A esquerda de coerências e
perfeições
Falar de perfeição
e coerência se torna um mantra na esquerda brasileira. Todas as correntes se
acham o berço da coerência e da perfeição, em momentos de crises as esquerdas
se fecham em suas convicções e não percebem o que esta transcendendo ao seu
conjunto de certezas. Ora, não existem
partidos, correntes ou agrupamentos perfeitos, porque são compostos por homens
e ninguém é perfeito ou sempre coerente o tempo todo. Mesmo as pessoas que se
distinguem por serem modelos de atuação com um elevado grau de coerência são
capazes de nos surpreender com uma reação ou um comportamento que não
esperaríamos. Nesses momentos sentimo-nos traídos, sentimos que os outros são
tão humanos quanto nós e não há nada de que gostemos menos do que perceber a
imperfeição do ser humano, logo a nossa própria imperfeição.
A palavra coerência vem do latim cohaerentia, é aquilo que tem relação entre uma coisa e outra. É um conceito que é usado se referindo a algo que é lógico. Desta forma, somos condicionados a acreditar que tudo em nossa vida deve ter coerência. Foi através da filosofia grega que passamos a ver a logica como medida de conduta. Assim podemos entender Aristóteles quando afirma que «Não se pode dizer de algo que é e que não é no mesmo sentido e ao mesmo tempo». Mas, parece-me que a contradição mais óbvia no mundo é achar que possamos banir a contradição das nossas vidas.
Ora, a
contradição é uma característica inerente ao ser humano.
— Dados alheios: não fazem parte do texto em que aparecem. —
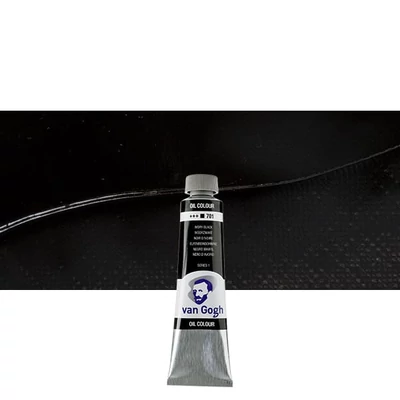 Talens Van Gogh olajfesték, 40 ml - 701, ivory black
Independente de ser de
direita ou de esquerda temos nossa individualidade e às vezes somos violentados
pelo coletivo por discordar do conjunto. Os maniqueístas acreditavam que o bem o mal
eram duas forças absolutas e irreconciliáveis. E isto afetava também as
pessoas. A prática é outra. Mesmo os projetos individuais tendo os seus
pecados não podemos esquecer em momento algum que o pecador tem lá suas
virtudes e em decorrência disto não deveríamos expulsar do nosso campo ou do paraíso.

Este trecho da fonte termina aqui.